De Jérôme Fourquet interrogé par Eugénie Bastié dans Le Figaro :
Le centre de gravité de la vie politique française est-il passé à gauche ?
Pas vraiment. Si on le fait total Zemmour, Le Pen et Dupont-Aignan, cela représente plus de 30 % en faveur de la droite nationale. Parallèlement, Emmanuel Macron avec ses près de 28 %, affiche un positionnement idéologique nettement plus à droite qu’en 2017. Il a d’ailleurs perdu une partie de son électorat de gauche cette année, qui a été plus que remplacé par l’apport d’électeurs de droite. Ainsi, 45 % de l’électorat de Sarkozy du premier tour de 2012 ont voté pour Emmanuel Macron au premier tour cette année. Alors certes, Mélenchon a fait un assez gros score, mais il a été porté par une mécanique de vote utile, qui a quasiment tout siphonné à gauche. Et ce bloc mélenchoniste est aujourd’hui minoritaire face aux deux blocs macroniste et de la droite nationale.

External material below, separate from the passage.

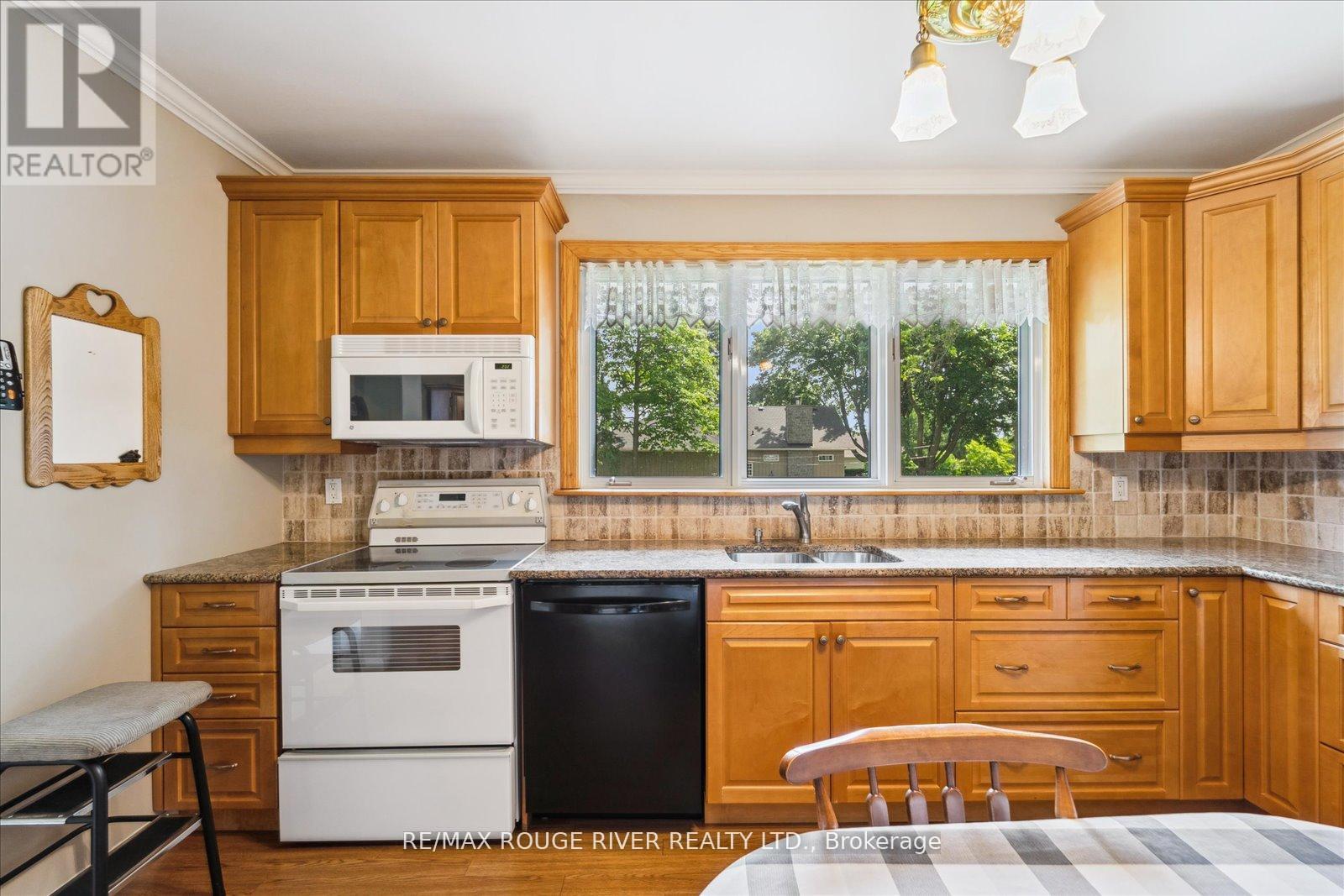 Photo 16 of 15 Westwood Drive, Whitby ON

Au clivage sociologique et géographique s’est ajouté un nouveau clivage, le clivage générationnel, avec des retraités votant à une écrasante majorité pour le président sortant. Ce clivage est-il appelé à se creuser ?

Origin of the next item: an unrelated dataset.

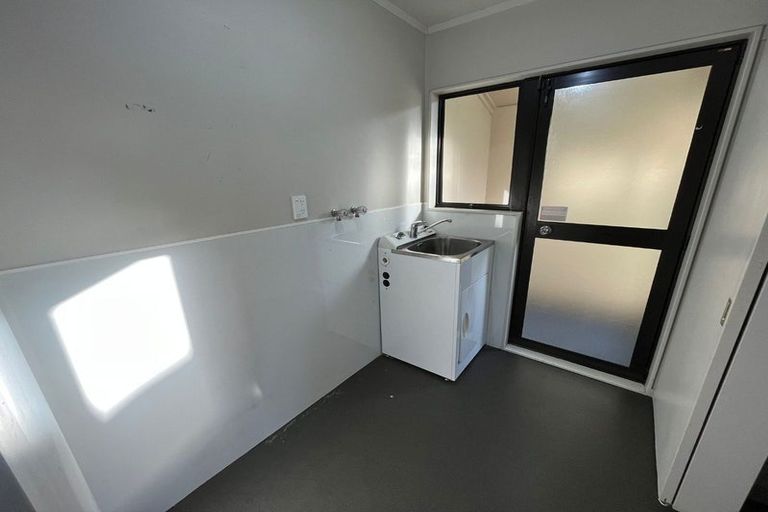 Photo of property in 9 Edgewater Drive, Pakuranga, Auckland, 2010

Historiquement, il y a toujours eu des différences très marquées, l’électorat âgé a toujours été l’apanage de la droite classique, tandis que le monde du travail votait plutôt à gauche. La vieille gauche et la vieille droite ayant disparu, ce clivage se recompose autrement. Au premier tour, Macron fait 39 % chez les plus de 65 ans, quand Le Pen est à 18 % et Mélenchon à seulement 13 %. Macron a mené une véritable OPA sur ces seniors, qui demeuraient le dernier carré fidèle de la droite depuis 2017. Les 65 ans et plus se sont ralliés à lui par légitimisme (vote en faveur du président sortant dans un contexte de crise) mais ont aussi été séduits par une proposition catégorielle majeure, les retraités étant la seule catégorie de la population acquise à l’allongement de l’âge de départ à la retraite. L’annonce de la réforme des retraites, quasiment seule mesure mémorisée avant le premier tour, lui a fait gagner au premier tour 13 points chez les retraités par rapport à 2017 et deux tiers des seniors ont voté pour lui au second tour, alors que le rapport de force s’établissait autour du 50 %-50 % auprès des 25-50 ans. Marine Le Pen, elle, s’adresse principalement à la France en âge de travailler. Scrutin après scrutin, la question du poids électoral des retraités devient centrale, car nous sommes dans une société qui vieillit. De la même manière que les seniors constituent une cible stratégique sur le marché automobile (un véhicule neuf sur deux est acheté par un retraité), ils sont devenus un électorat incontournable pour espérer l’emporter. La défaite de Marine Le Pen s’explique ainsi par son incapacité à réduire son écart avec Emmanuel Macron dans ce secteur stratégique, véritable armée de réserve macroniste. Ce fort soutien émanant des seniors explique par ailleurs le caractère relativement homogène de la géographie du vote Macron. Au premier tour, il disposait en effet partout d’un matelas minimum de 15-20 % de voix, lié à la présence sur le territoire des retraités, répartis de manière nettement plus homogène que les cadres ou les ouvriers.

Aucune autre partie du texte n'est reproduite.